Angered by the red tape of the public courts, people entering into contractual agreements in the United States began searching for ways to by-pass the courts and resolve any disputes between them more quickly and more cheaply. Before long, specialist dispute-resolution services arose to service this need. About 60,000 cases a year in the US are now handled through alternative dispute resolution – ADR – including industrial, commercial, environmental, and even international disagreements.
Most private ADR services follow a fairly simple procedure. First, the parties contact each other and agree to work through ADR rather than the courts to resolve their disagreement. Together with the ADR service they choose the kind of process they want, an objective neutral intermediary, and a timetable. They sign a confidentiality agreement to ensure that the maximum amount of information is divulged to the mediator, and agree to share costs and accept the outcome.
The existence of quicker and lower-cost ADR options has caused the public courts in the US to adopt some of the same approaches. Thus courts may mandate the use of out-of-court arbitration before agreeing to schedule a trial date; or they may set up a mock jury to hear the arguments informally, in a non-binding and private forum, in the hope of reaching a decision without the need for a trial.

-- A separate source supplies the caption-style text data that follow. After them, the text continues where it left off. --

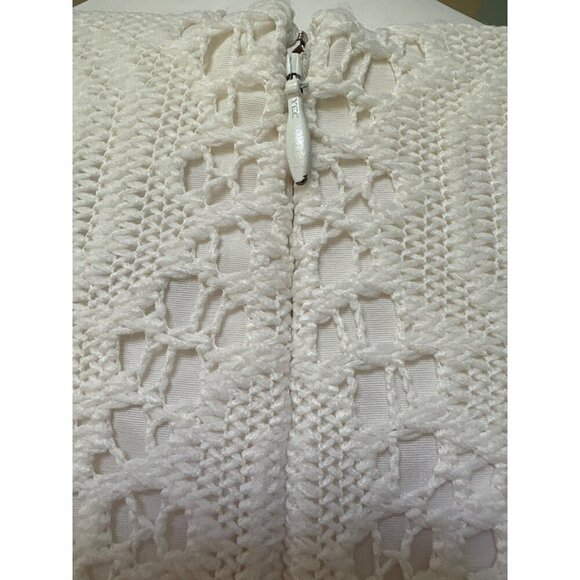 Adrianna Papell White Ivory Lace Eyelet Sheath Dress, Sleeveless Women's Size 10 - Picture 11 of 11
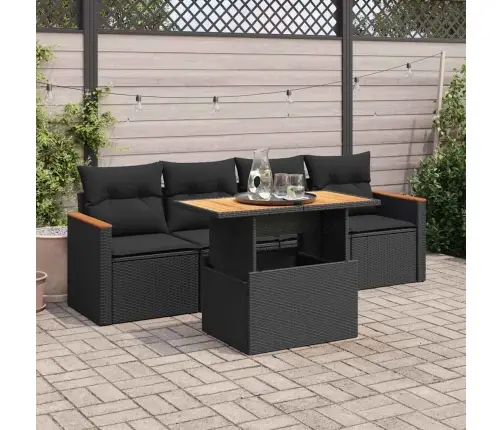 5-Daļīgs Dārza Dīvānu Komplekts, Matrači, Melna Pe Rotangpalma Vidaxl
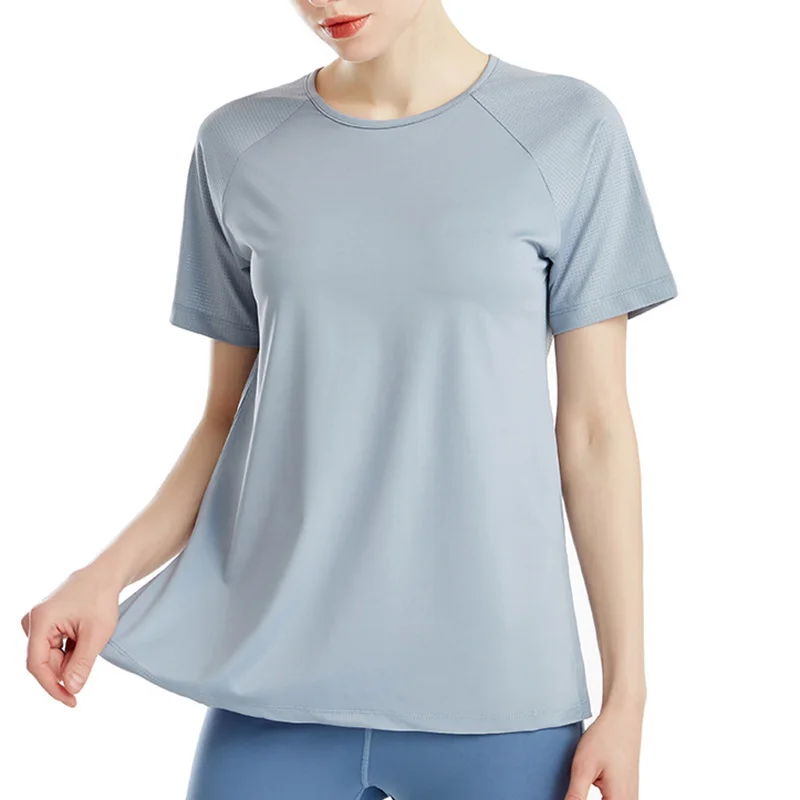 Oddychająca koszulki do jogi szybkoschnący siateczka z krótkim rękawem T-shirt do biegania Top do jogi do ćwiczeń odzież sportowa luźna koszulki Fitness Top sportowy — zdjęcie 5
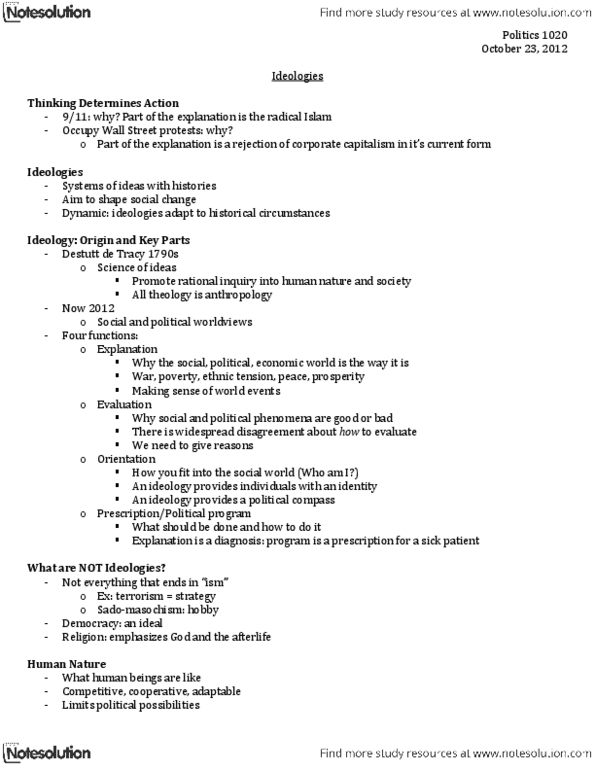 Political Science 1020E Lecture Notes - Political Compass, Sadomasochism, Antoine Destutt De Tracy thumbnail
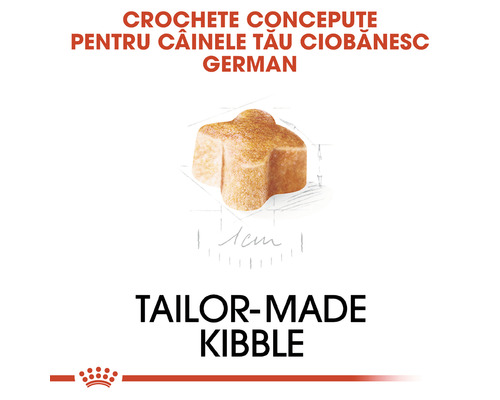 Crochetă de hrană adaptată pentru câine ciobănesc german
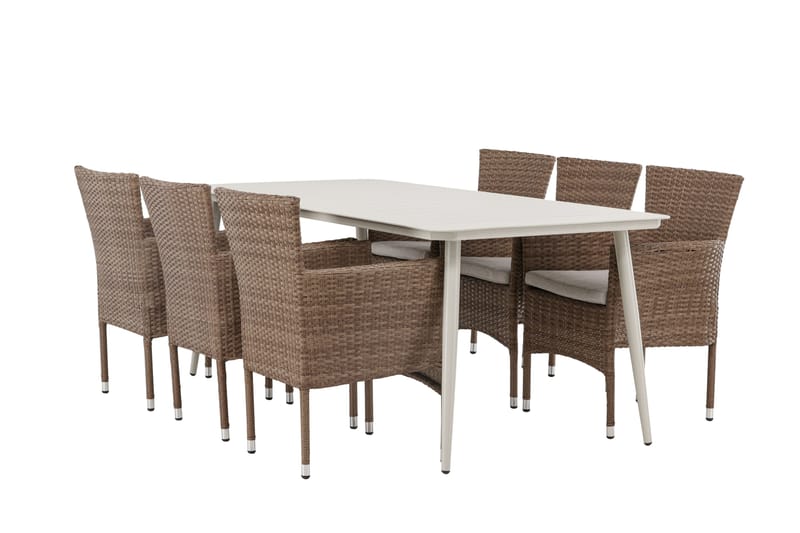 Lina Spisegruppe 120 cm + 6 Malina Karmstoler, Brun/Hvit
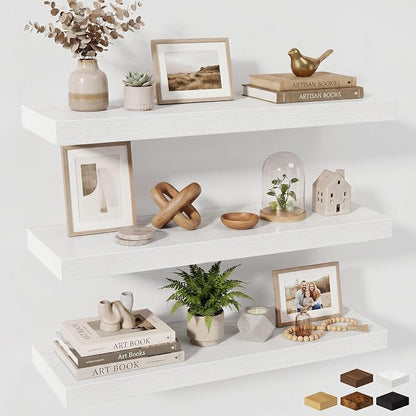 Fun Memories Floating Shelves for Wall, 32 Inch Long Floating Shelves Set of 3, 32 x 10 Wooden Shelves for Wall, Large Storage Shelves, Hanging Shelves for Bathroom Kitchen Bedroom, White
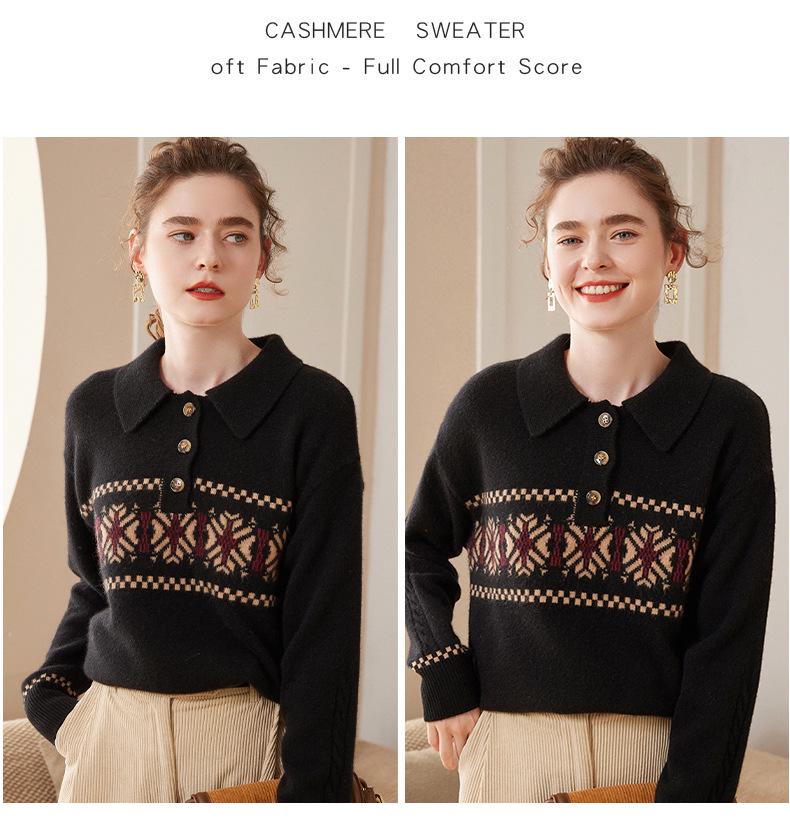 Women's Light Luxury Cashmere Polo Neck Sweater - Loose Fit Wool Knit Pullover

Using ADR does not preclude the losing parties from going to the public courts if they still feel that they have not reached a just settlement, though it may colour the opinion of the courts. In some jurisdictions, ADR is treated as the first, lower court, so that any continuing dispute about the decision can be taken straight to the appeal courts – reducing duplication and cost all round.
Also in the UK, the recent Woolf report on the legal profession proposed that British lawyers should point out to clients where ADR might serve them better than the courts, and judges now have power to stay court proceedings where ADR is in progress. Meanwhile, government departments are testing or encouraging ADR for procurement, planning, employment, and other disputes. The UK’s Housing Ombudsman, for example, uses the Centre for Dispute Resolution as an independent mediation service.
The benefits of ADR to people in a dispute are clear. Because they can decide their own rules of evidence, and because they can scrap the need for juries and for serried ranks of lawyers, the whole thing is very much cheaper – and less stressful.